O3 and o4-mini are lazy. Not suitable for coding at all

pentchal · April 22, 2025, 4:48am

Thanks to estudante_picasso, many of us have been spared from wasting money unnecessarily. We’re grateful to him.
OpenAI is surely aware of this issue—but why do they remain silent?
Over the past few days, I’ve watched numerous YouTube videos praising the latest update, featuring attractive charts that highlight impressive progress across new models, including the o4-mini-high model. Not one of these videos addresses this particular issue. Only occasionally, buried in the comments, can you find rare voices of dissent.
It seems that, apart from coding, ChatGPT’s other capabilities haven’t suffered much.
At least ChatGPT itself managed to find several active discussions about this issue across different platforms, including this forum. Moreover, it provided a fairly professional summary of these discussions, along with accurate conclusions and recommendations.

ppoc6000000 · April 22, 2025, 12:51pm

Honestly, ever since image generation dropped, it feels like OpenAI’s servers have been gasping for air under GPU overload.
They probably didn’t want to delay releasing new models, so they just went all in on aggressive lightweighting to survive.
Maybe things will get better if they secure more GPUs, but right now?
o3 and o4-mini are as lazy as GPT-4.

alzackting · April 22, 2025, 1:16pm

thanks for closure bro. (feel like im going crazy scowering the internet for openai to explain their downgrade, or at least for people to agree openly)

we’re all wondering the same thing… i.e. will they come out and confess what they’ve done? Will they bring back o3-mini-high with limited queries? Or continue gaslighting ?

They are yet to suggest any fixes or admit what they’ve done (guess they don’t understand the principles of a relationship are communication lol)

In the mean time, i’m off to deepseek for the most part.
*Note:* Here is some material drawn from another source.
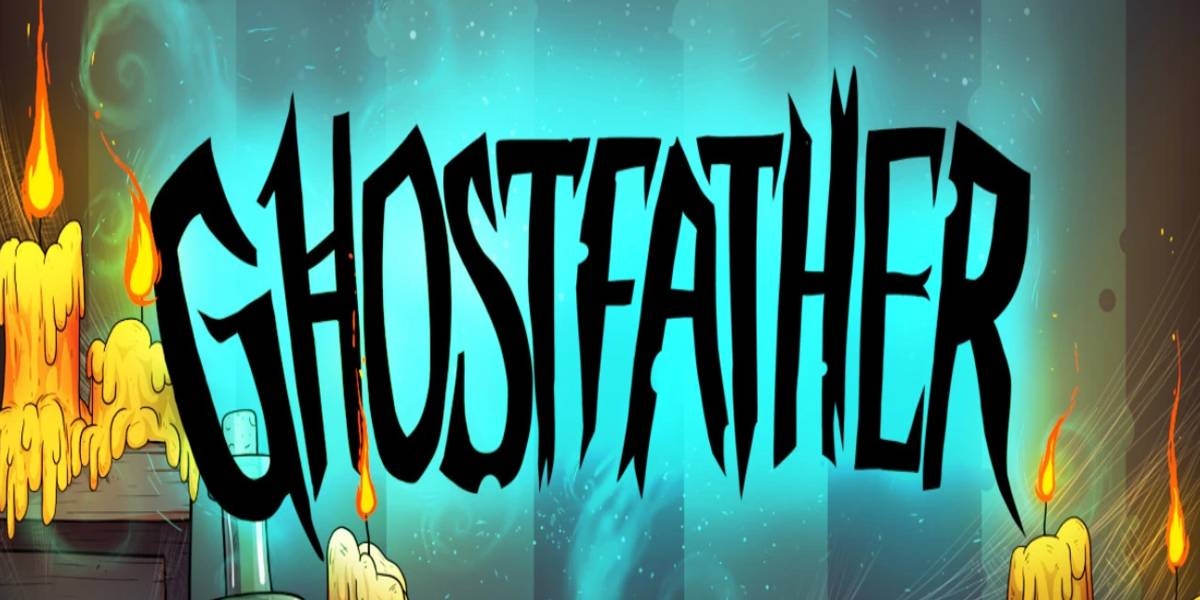 Ghost Father slot online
alzackting · April 22, 2025, 1:26pm

its not just coding, since its overall computation power, and actual drive to not be lazy is less, when I give it stuff like long messages telling it to produce translation tasks for me in a certain format, and of a certain difficulty, it’ll just ignore cuz its too lazy…

Bear in mind I copied and pasted the exact same prompt, which a mere few days ago i was using on o3-mini-high, and it was obeying all my instructions (and cooking), o4-mini-high of course ignores the format and difficulty I asked for - useless. Now with o4-mini-high i genuinely can’t challenge myself for learning this language like I could before.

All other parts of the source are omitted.